TB can be spread when people gather in a small room with an infected person, sharing qat and cigarettes. Muhammad al-Jabri/IRIN

Although Yemen has the second highest tuberculosis (TB) mortality rate in the Middle East, after Iraq, specialists say the disease is on the decline because of a concerted awareness campaign and training programmes for health workers.

“The problem is not as big as it used to be several years ago,” Amin Noman al-Absi, General Director of the National Tuberculosis Control Programme (NTBCP) at the Ministry of Heath, told IRIN. “Yemen adopted Direct Observer Therapy Short-course [DOTS] in 1995, and now it covers 90 percent of Yemen’s 333 districts.”

DOTS is an international protocol for controlling infectious diseases, most commonly TB. Lying at the heart of the World Health Organization’s (WHO) ‘Stop TB Strategy’, it involves boosting political and financial commitments to fighting TB, and ensuring better case detection, treatment, drug supply, and monitoring of the disease.

According to al-Absi, the rate of cured cases via Yemen’s DOTS programme is 86 percent.

A number of health workers have been trained on TB treatment throughout the country. “Now training will target midwives and nurses. They will be trained on how to identify TB levels among patients and how to handle TB medications,” he said.

The health official added that there is a new initiative in Yemen to make the private sector, military hospitals, central prisons and NGOs participate in the treatment of TB.

Fourth biggest cause of death

TB is the world's greatest infectious killer of women of reproductive age and the leading cause of death among people with HIV/AIDS. In Yemen, the disease is the fourth biggest cause of death.

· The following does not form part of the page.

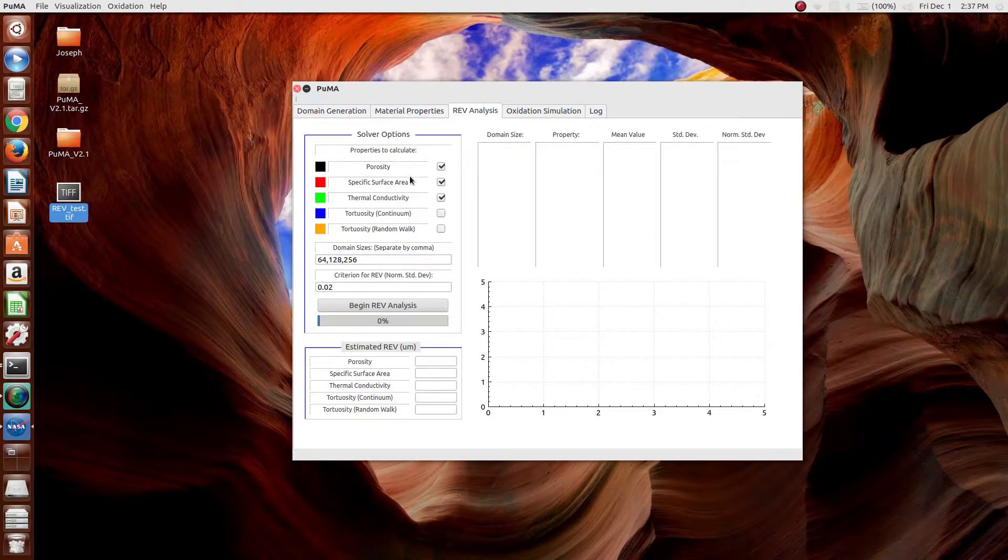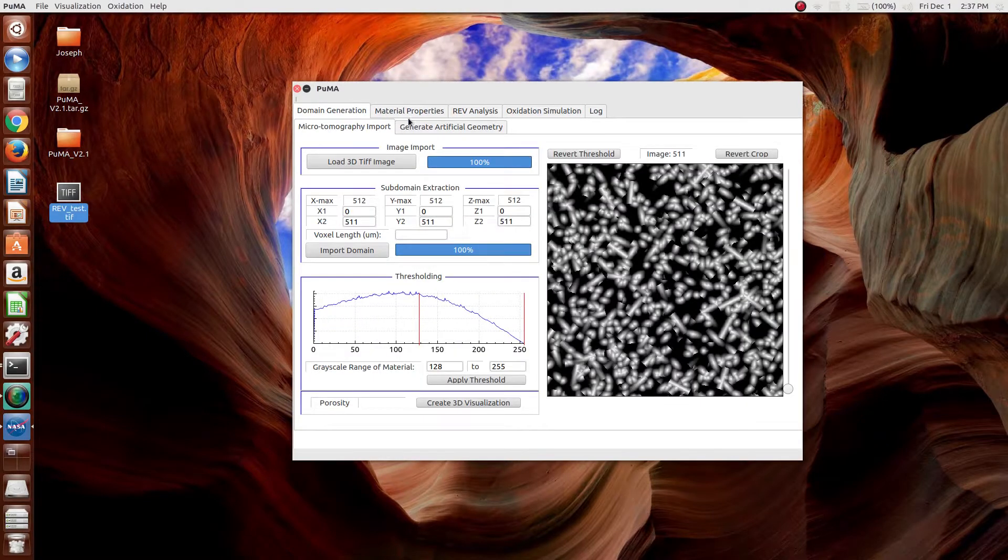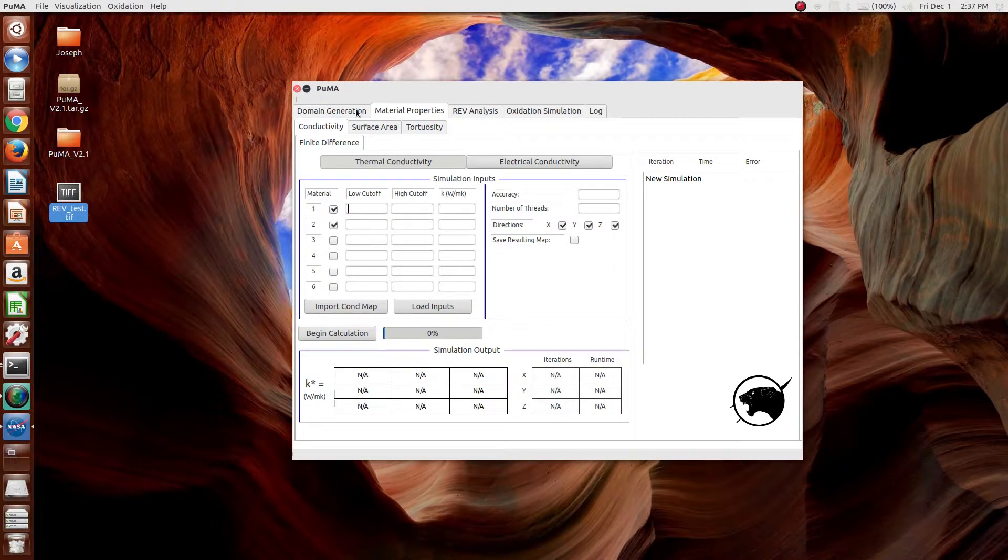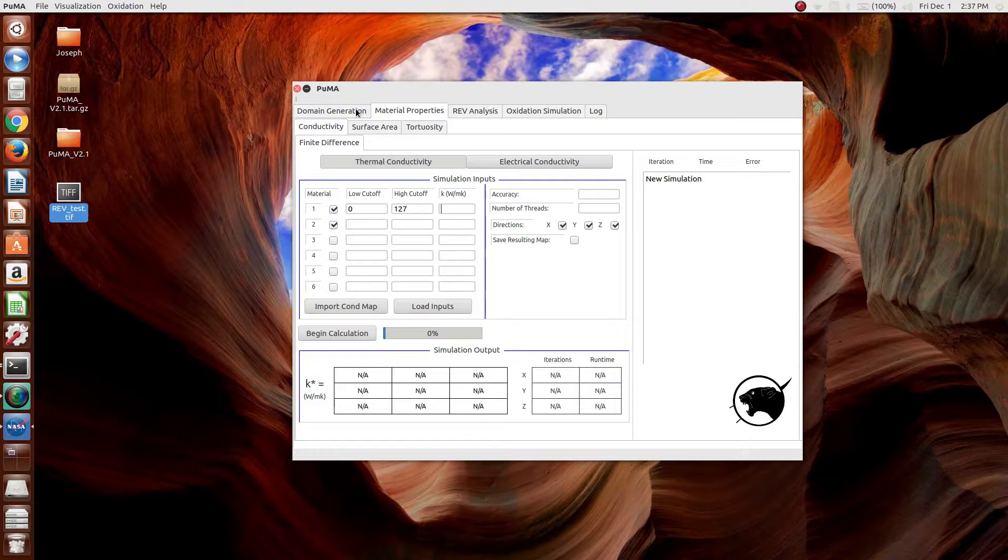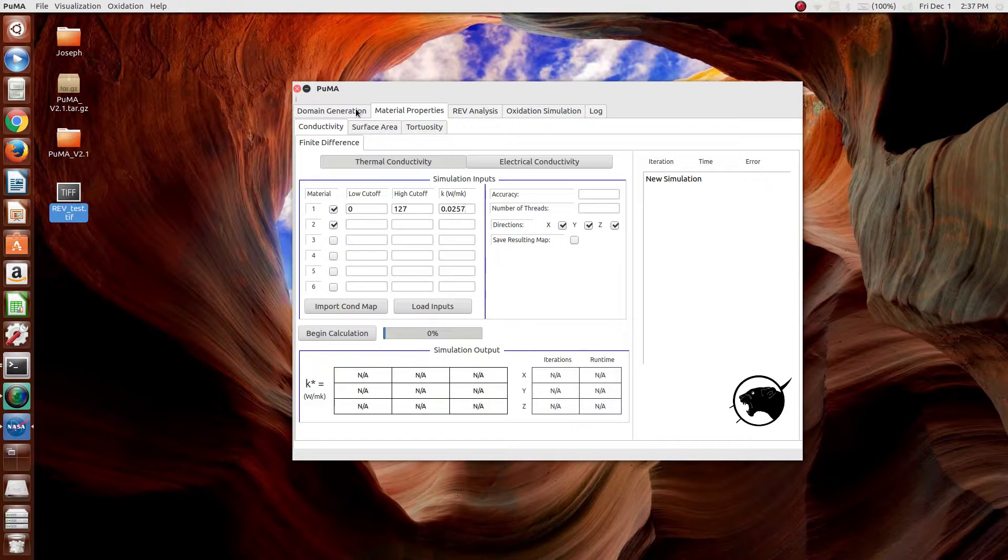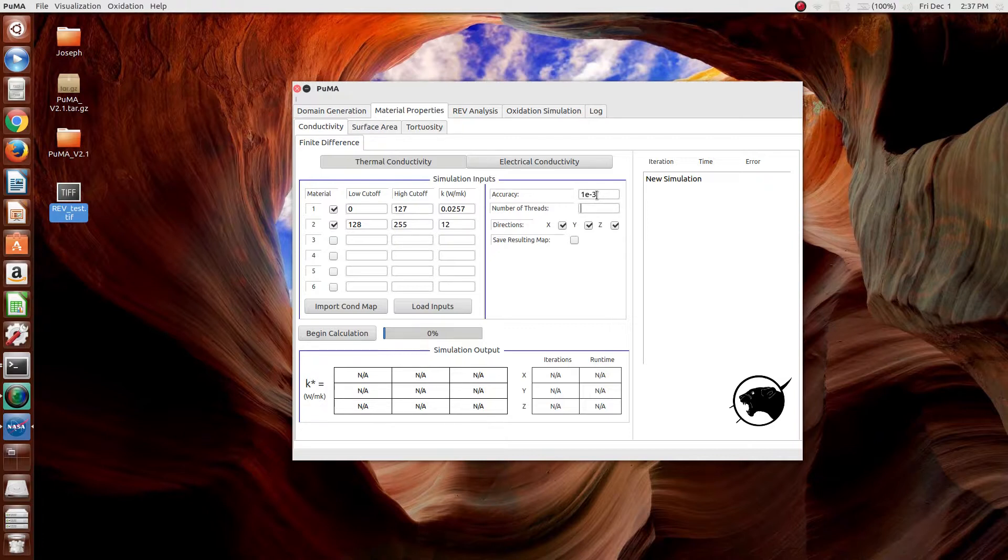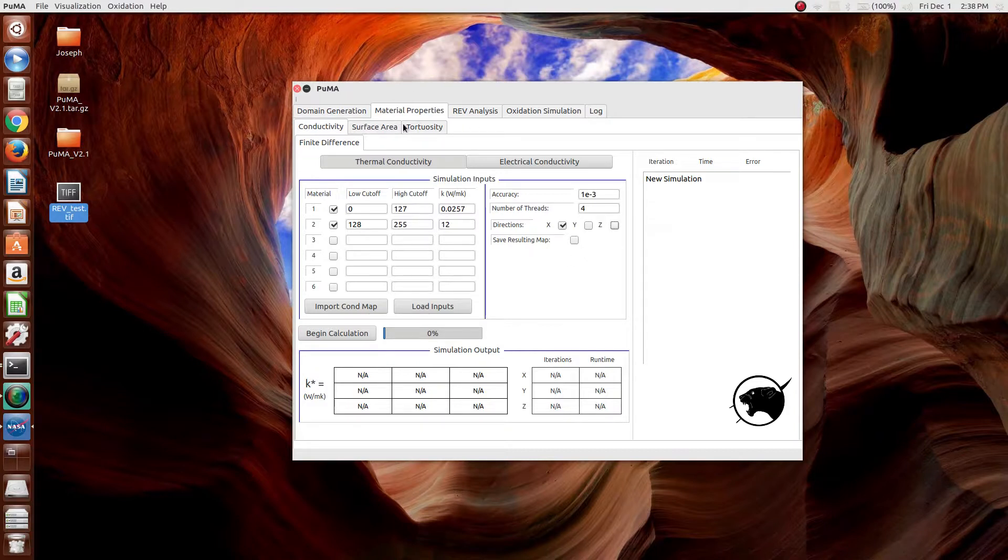For the thermal conductivity, we have to input the appropriate input values. In this case, we want to specify the void phase with a local thermal conductivity of 0.0257, which is the conductivity of air, and then 128 to 255 with a thermal conductivity value of 12, which is the thermal conductivity of a carbon fiber, approximately. And then an accuracy. We'll take 1e to the minus 3 to make it a little bit faster. The number of threads, we'll select 4. And we'll only specify it in one direction.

According to WHO, nearly two billion people - one third of the world’s population - have tuberculosis. Annually, eight million people become ill with tuberculosis and two million people die from the disease worldwide.

The annual incidence rate varies from 356 per 100,000 in Africa to 41 per 100,000 in the Americas. In Yemen, the annual incidence rate of TB has dropped from 236 per 100,000 in 1990 to 82 per 100,000 in 2005, according to WHO statistics.


Photo: Muhammad al-Jabri/IRIN
Posters have been distributed among tuberculosis patients to help halt the spread of the infectious disease
In the same period, Yemen’s TB mortality rate has dropped from 16 per 100,000 to 10 per 100,000. This compares to a TB mortality rate of 50-100 per 100,000 in many African countries and a typical rate of 1 per 100,000 in Western European countries.

On 10 February this year, Yemen’s TB control programme embarked on a new survey to determine the exact nature of the problem in the country. The survey, supported by the Global Fund for Combating AIDS, Malaria, and TB, is targeting students aged 7 to 12 in 132 schools.

In addition, NTBCP has awareness programmes for TB patients on seven local radio stations and on television.

“We distribute posters among patients and educate them on how to prevent the epidemic. We have also trained volunteers from other NGOs who are interested in raising awareness of the dangers of TB and ways of preventing it,” Othman al-Hasoosah, Head of Activities Department at the NTBCP, said.

Al-Hasoosah said that poor hygiene and poverty were the two main factors responsible for traditionally high incidence of TB in Yemen.

“Some patients don’t follow the prevention instructions given to them as they don’t use tissues or handkerchiefs when they cough or blow their noses,” he said. “Poverty also plays a big role in the spread of TB among people, especially in rural areas. Family members gather in one cramped room, chewing khat [a mild narcotic] and smoking cigarettes or water pipes.”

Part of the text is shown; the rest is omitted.